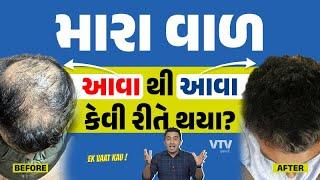 કઈ રીતે મારા વાળ પાછા આવ્યા? | Ek Vaat Kau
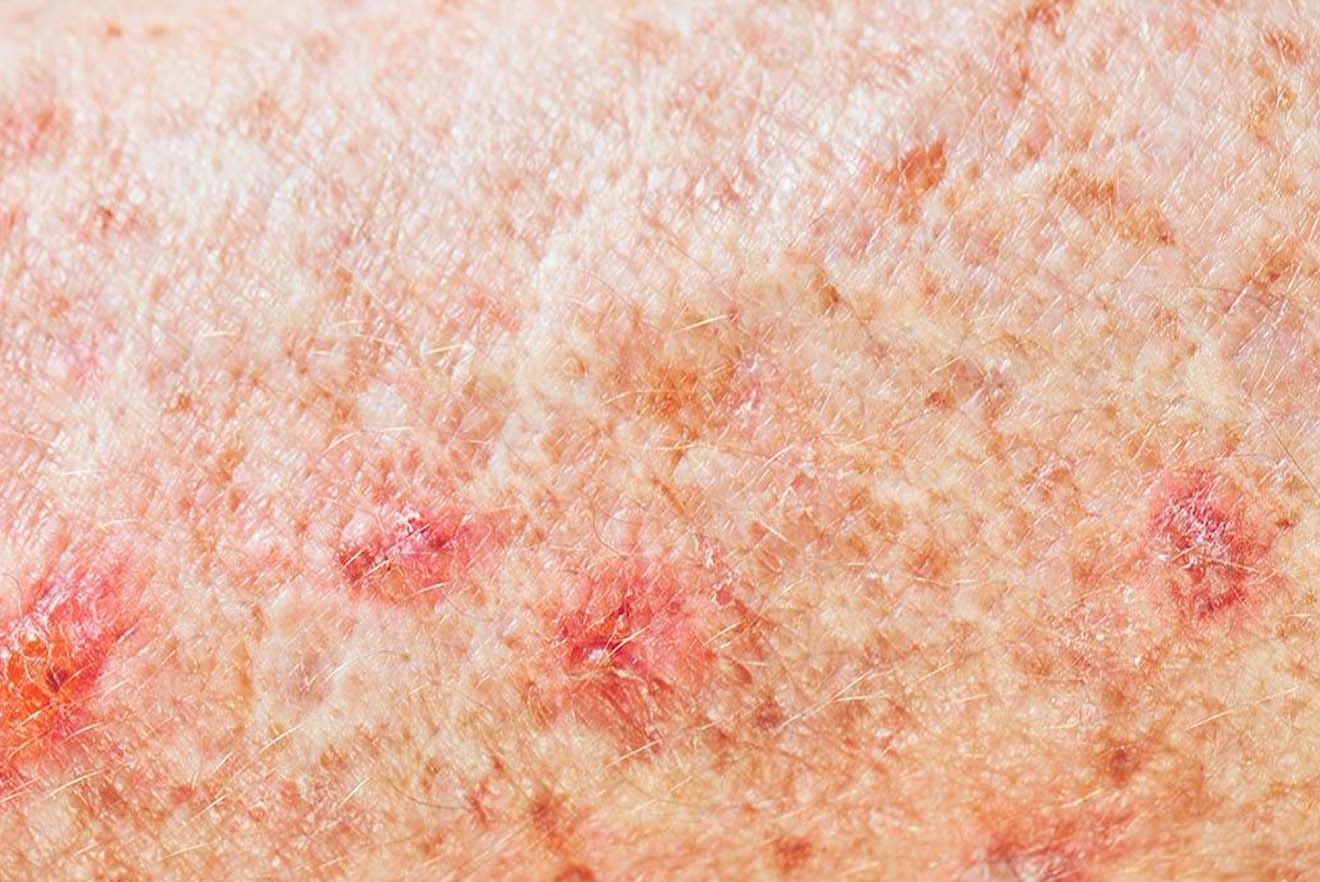 Skin Treatment Centre Skin Problems And Treatments Pure Medical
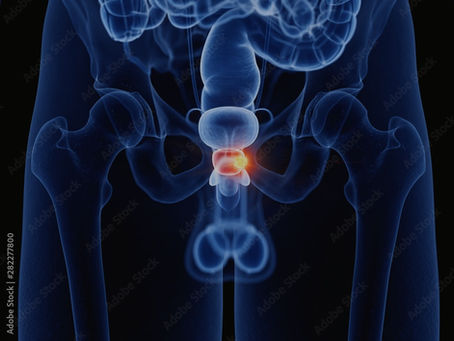 Cancer de la prostate, le saviez-vous ?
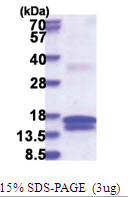 UCK1 (143-273, His-tag) Human Protein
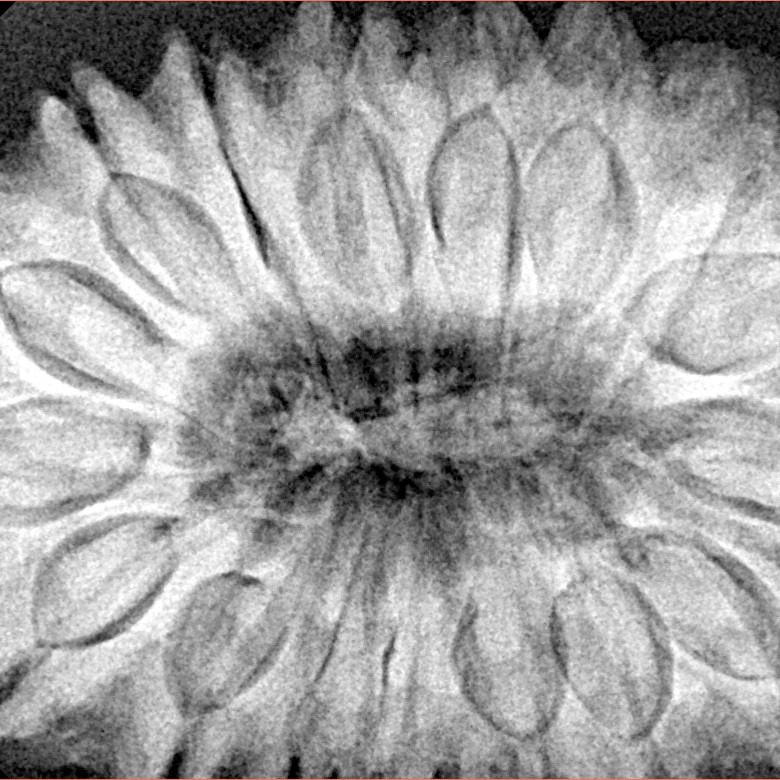 17 Mukhi Rudraksha 37.2mm 9.75gm - Xray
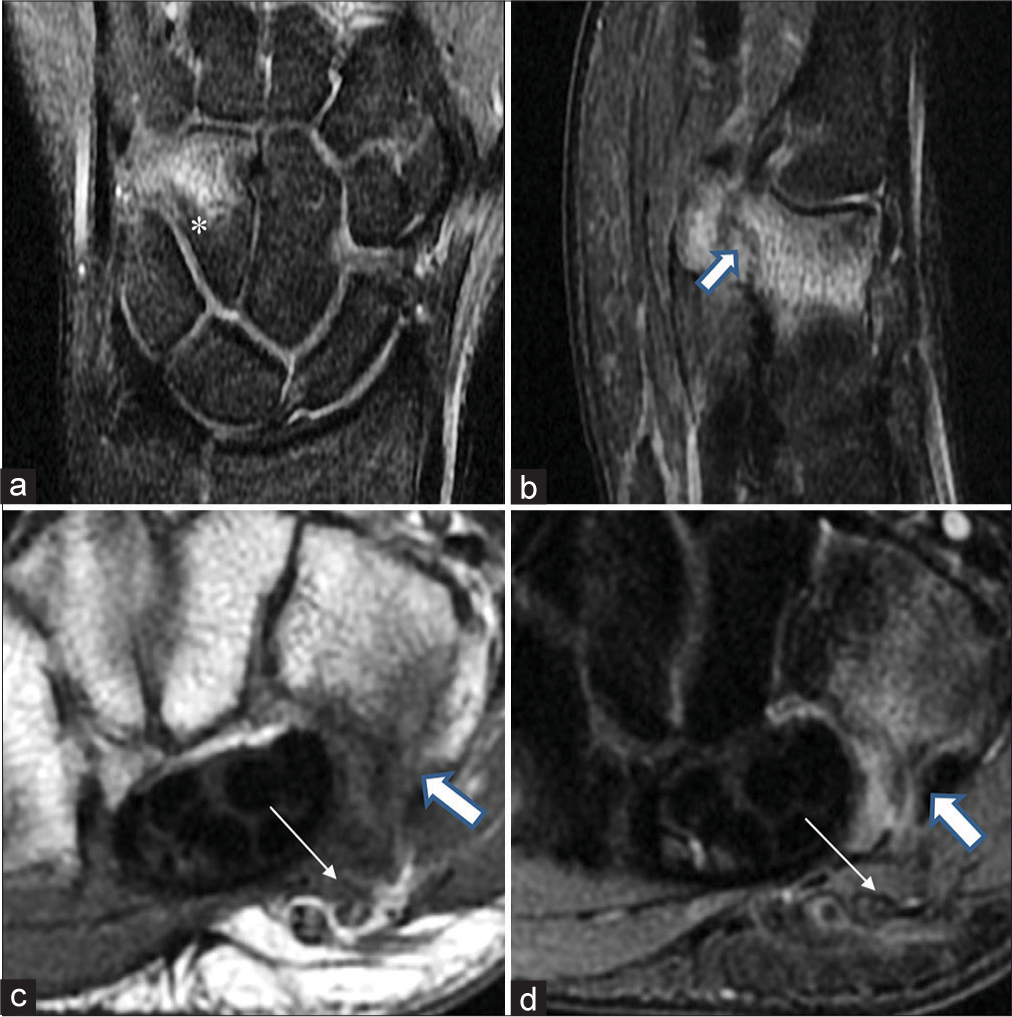 Hamate stress fracture in the non-dominant wrist of a 21-year-old batsman presenting with ulnar-sided wrist pain. (a) Coronal proton density fat-suppressed (PDFS) images show ill-defined areas of marrow edema compatible with hamate bone contusion (*). (b-d) A well-defined hypointense dark linear signal (thick white arrow) is seen at the hook of hamate in sagittal PDFS (b), axial T1-weighted (c), and axial short-tau inversion recovery weighted (d) images. The thin white arrows mark blurring of the perineurial fat stripe along the ulnar nerve, which internally does not show any abnormal signal (c and d).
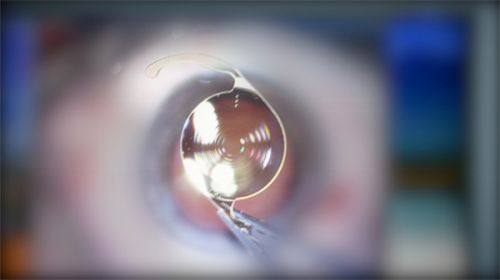 杨筱曦医生技术优势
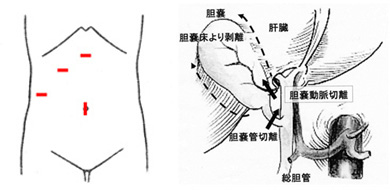 腹腔鏡下手術（標準）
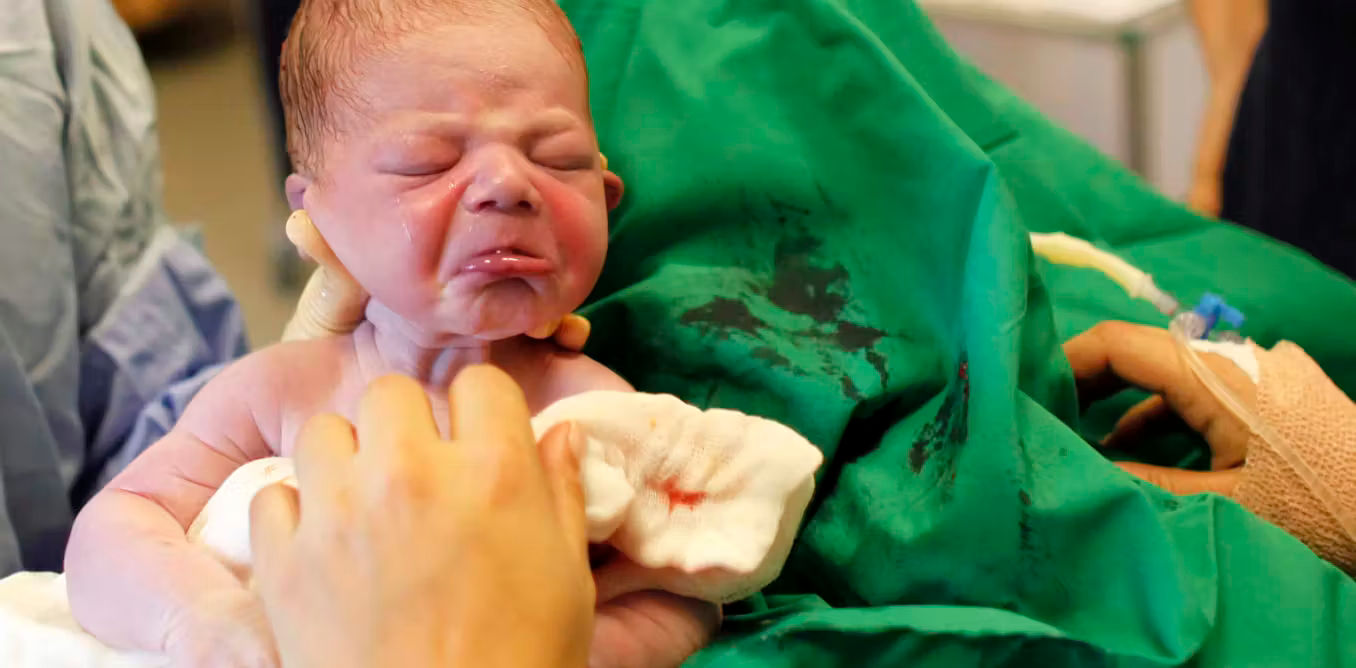 તુર્કીમાં સિઝેરિયન પર કેમ પ્રતિબંધ મુકાયો ? મેડિકલ કારણ વિના પરવાનગી મળશે નહી 1 - image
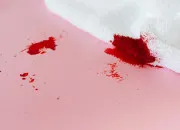 Quiz Phobie � l'�tude : H�matophobie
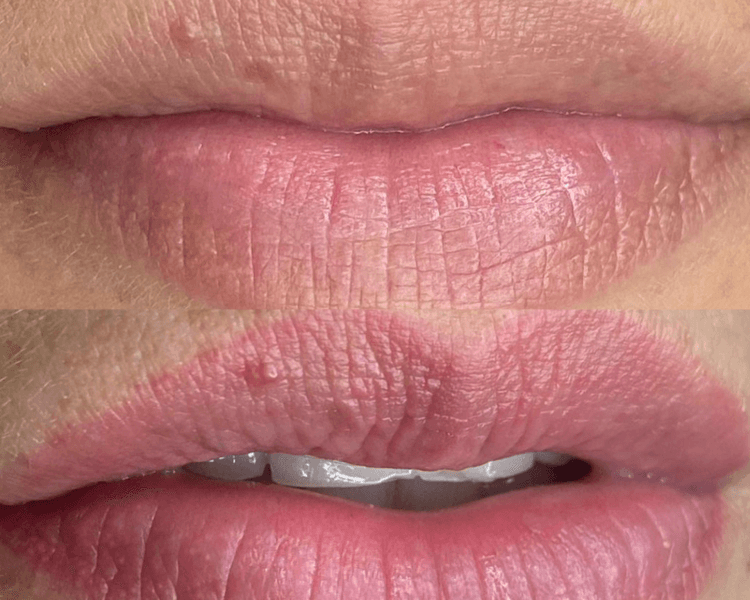 Micropigmentación de labios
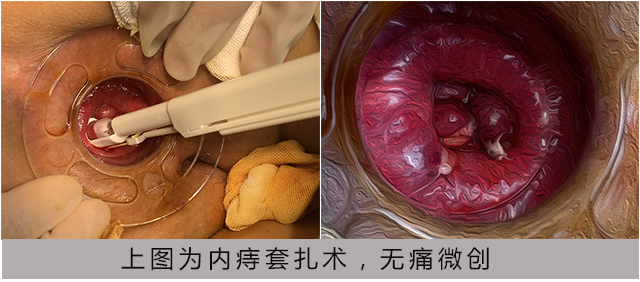 内痔套扎术.jpg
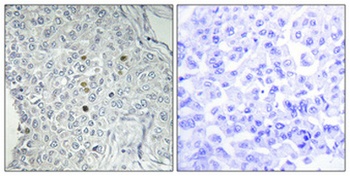 DPF2 rabbit pAb Antibody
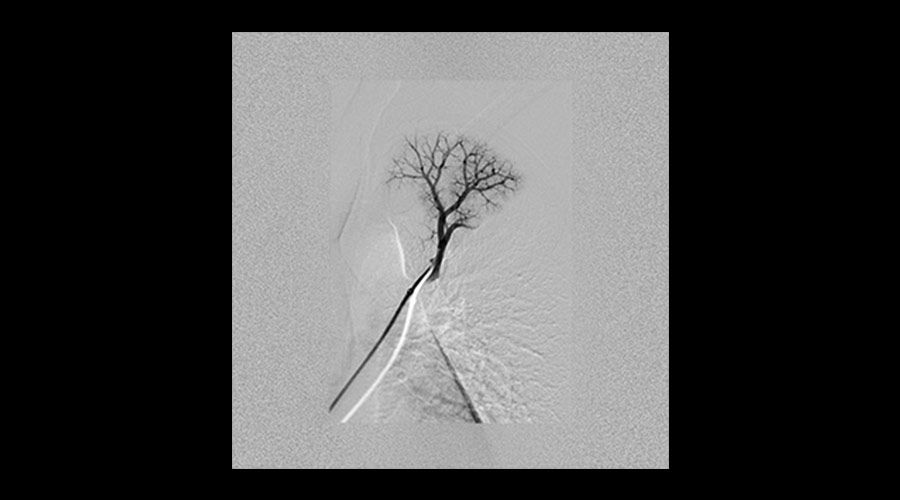 interventional-x-ray-igs-for-interventional-cardiology-330-lung-embolization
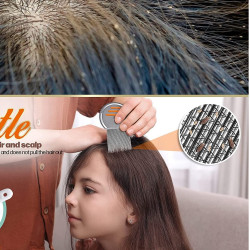 Lice Comb For Women And Kids | Stainless Steel(Ju, Joo, Zu) Lice Terminator | Fine Egg Nit Lice Egg Removal Comb For Women | Lice Comb For Scalp - Louse And Eggs Remover - ROUND SHAPE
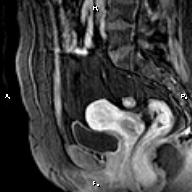 File:Cervical adenocarcinoma (Radiopaedia 65011-73985 E 17).jpg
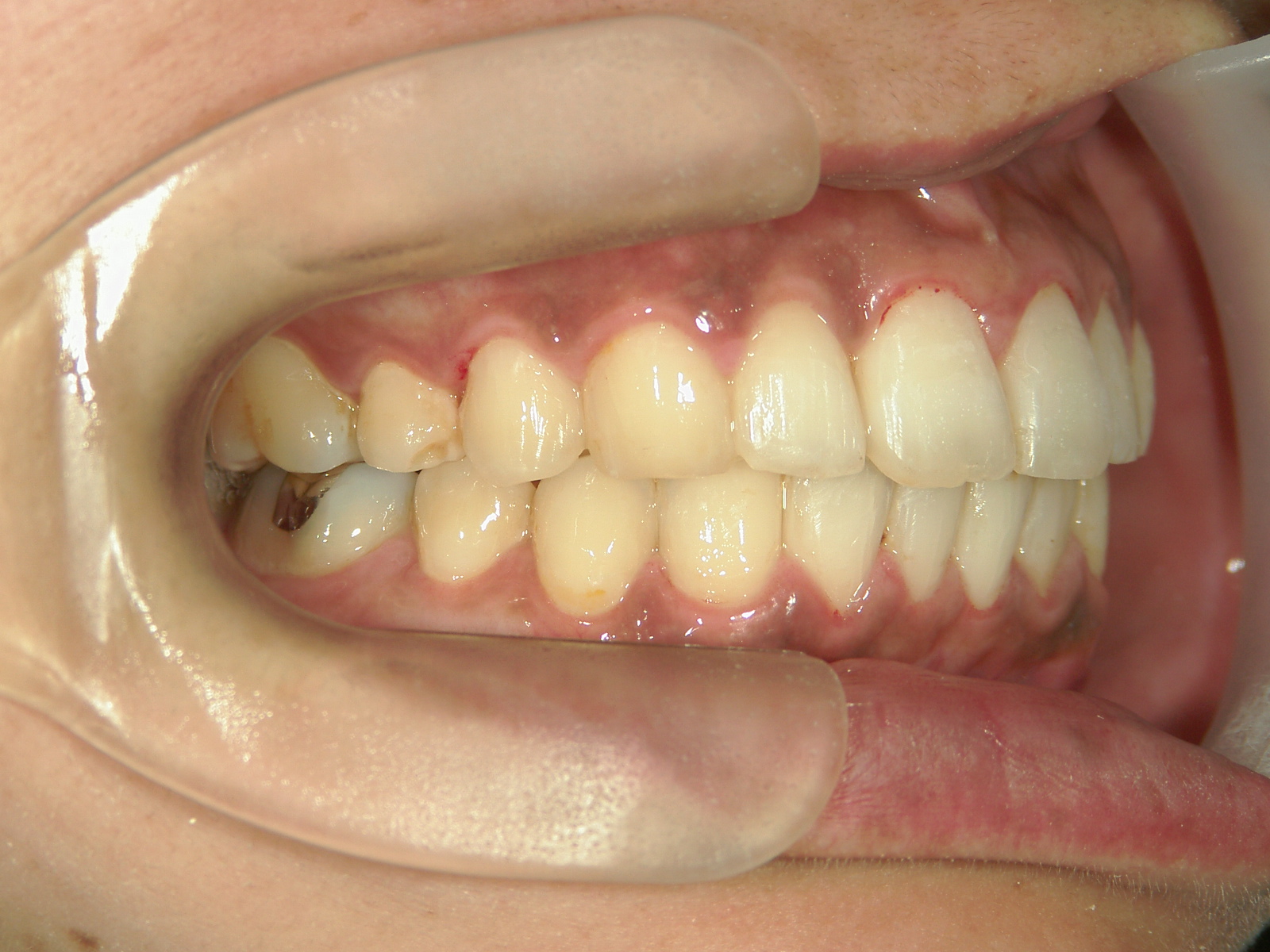 プチワイヤー矯正　症例（61）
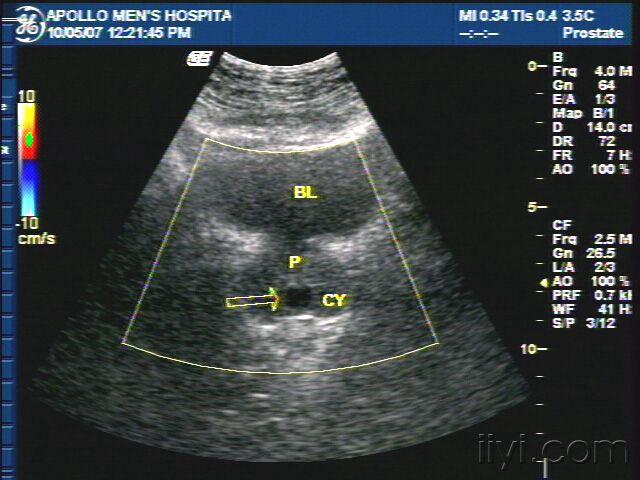 前列腺囊肿彩超图片图片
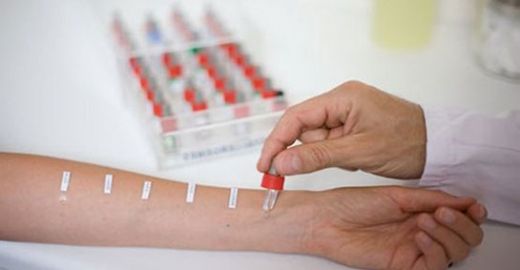 Alerji Kaşıntı Kızarıklık Belirtileri ve Tedavisi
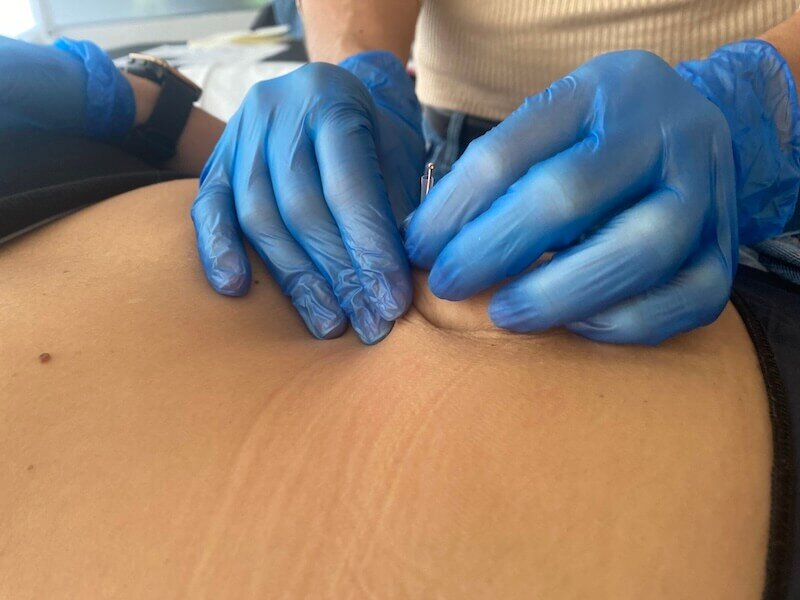 curso punção seca porto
----
◆ TASK DIRECTIONS
Return, exactly as they stand, the lines from the opening line of the listing through the line with "17 Mukhi Rudraksha 37.2mm 9.75gm - Xray", both ends counted, and no pictures.

◆ SOLUTION TO THIS EXERCISE
 કઈ રીતે મારા વાળ પાછા આવ્યા? | Ek Vaat Kau
 Skin Treatment Centre Skin Problems And Treatments Pure Medical
 Cancer de la prostate, le saviez-vous ?
 UCK1 (143-273, His-tag) Human Protein
 17 Mukhi Rudraksha 37.2mm 9.75gm - Xray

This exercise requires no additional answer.